Cynthia McKinney, la candidate du Green Party (Verts) à l’élection présidentielle, aura bien besoin d’un tel éveil collectif. « Politiquement, socialement, sur le plan ­environnemental, je pense qu’elle a de vrais atouts, analyse Lydia Lewis. J’aime aussi le fait qu’elle a été l’une des rares au Congrès à voter contre la guerre en Irak. En tant que femme noire, elle va également attirer les Afro-Américains que le Parti vert a eu du mal à convaincre dans le passé. Beaucoup de Noirs semblent être mariés aux Démocrates ; et, alors que ce parti glisse de plus en plus vers la droite, il pense que le vote des Noirs et de tout Américain qui n’est pas riche lui est acquis. Peut-être que McKinney peut leur ­montrer que le Parti vert est une alternative viable. »
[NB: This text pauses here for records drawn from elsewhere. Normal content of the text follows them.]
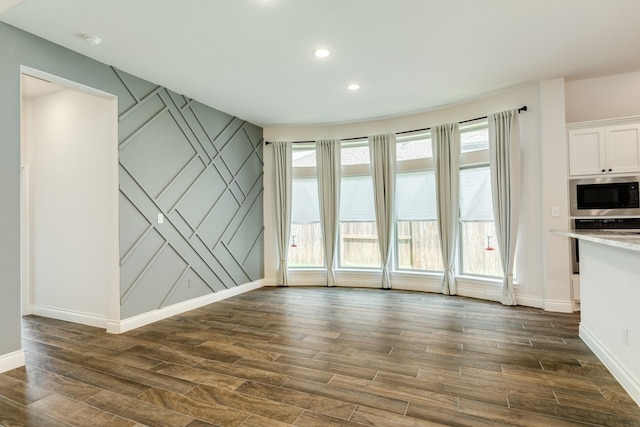 10318 Granite Ct, Iowa Colony, TX 77583 - unfurnished living room with dark wood finished floors, healthy amount of natural light, recessed lighting, and a decorative wall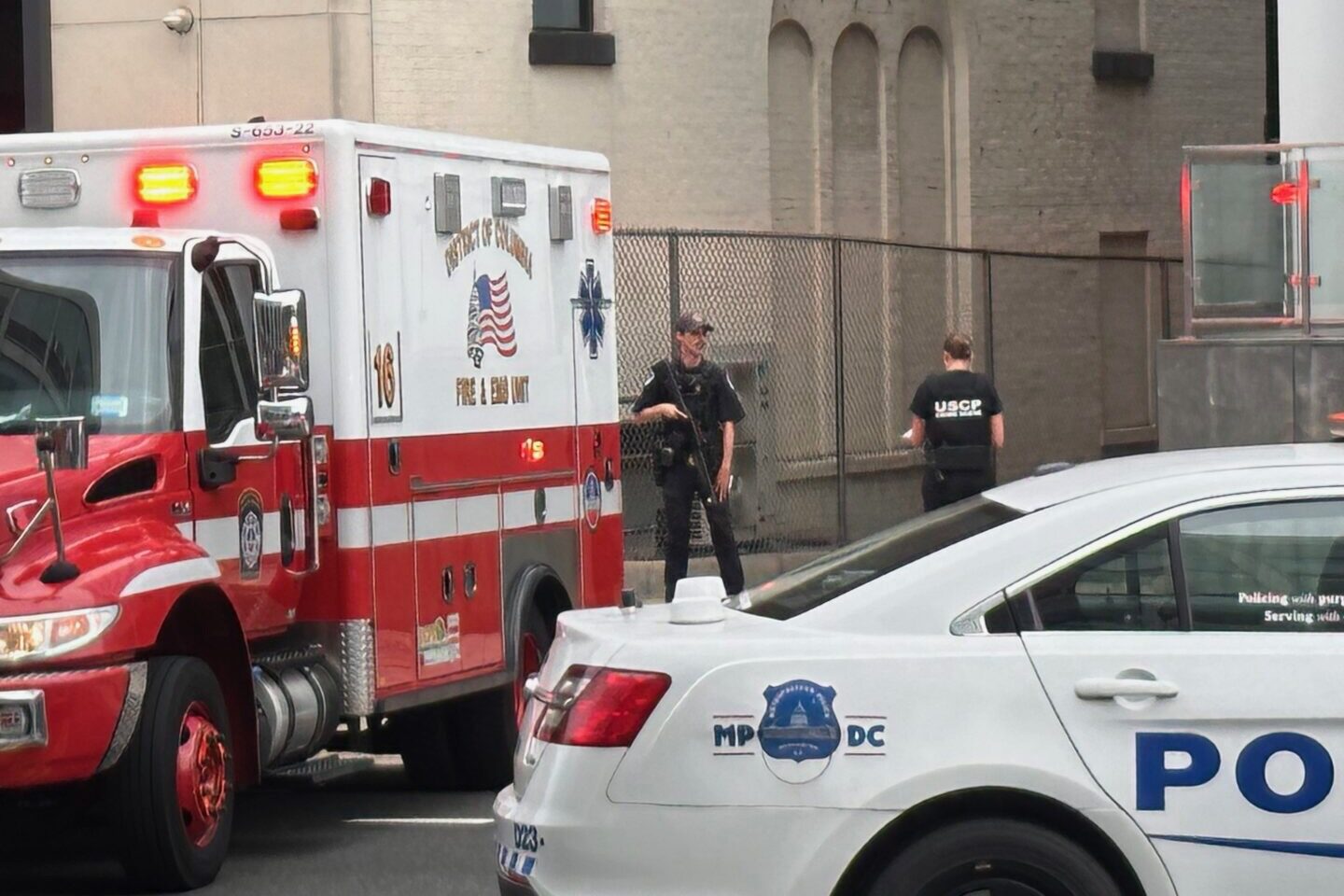 Police officers secure the crime scene at E Street NW on Thursday morning. (Jason Dick/CQ Roll Call) 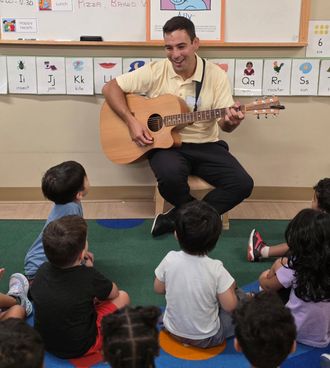 Preschool children enjoying Johnny Walylko's interactive music and movement program in the classroom.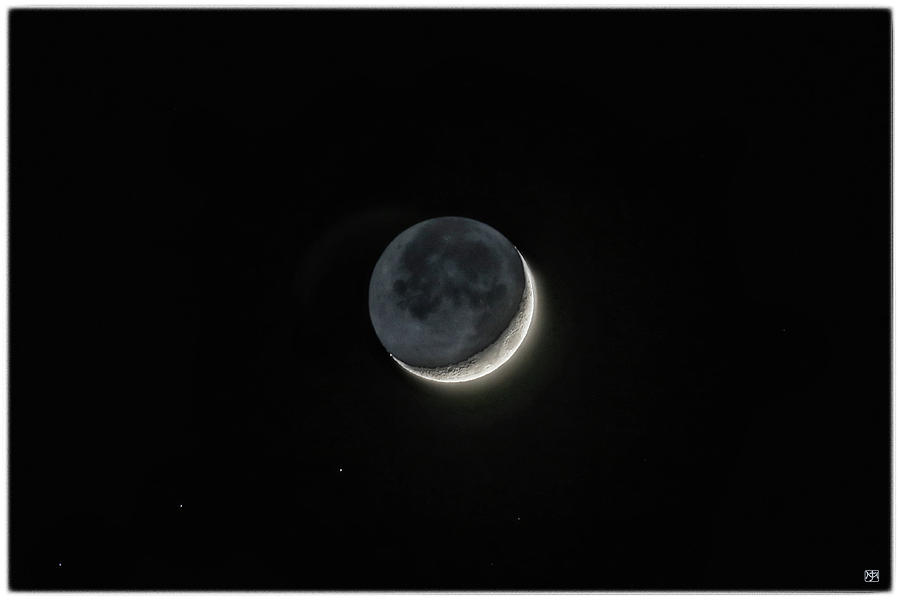 The Moon--Light and Dark Photograph by John Meader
Sur les faiblesses de la candidate écologiste, Lydia relève que McKinney est « parfois vue comme un électron libre un peu incontrôlable » . Mais la militante verte souhaite voter pour elle « aussi longtemps que le Missouri restera enferré dans le duel McCain-Obama » . Pourtant, dans cet État clé, scruté par la Nation tous les quatre ans pour avoir choisi le futur Président quasiment à chaque élection, Lydia se réserve la possibilité de choisir Obama, « au cas où l’élection apparaisse très serrée. Je ne peux pas laisser le Missouri à McCain ». Dans le voisinage de Lydia Lewis, des familles blanches de ­cadres moyens, Obama dérange. « Il est Noir, son nom, Obama, est bizarre, son deuxième prénom est Hussein, et puis est-il vraiment catholique ? Voilà ce que disent les gens ici. Je leur réponds : “Et alors ? Ce qui compte, ce sont les idées.” »
Combative, Lydia Lewis pourrait se représenter aux élections locales, si une santé précaire et le besoin viscéral de « prendre des cours, apprendre, voyager » , n’avaient raison de ses velléités. Mais, enfin, « je serais meilleure que n’importe quel Républicain, donc, s’il le faut, je me présenterai ».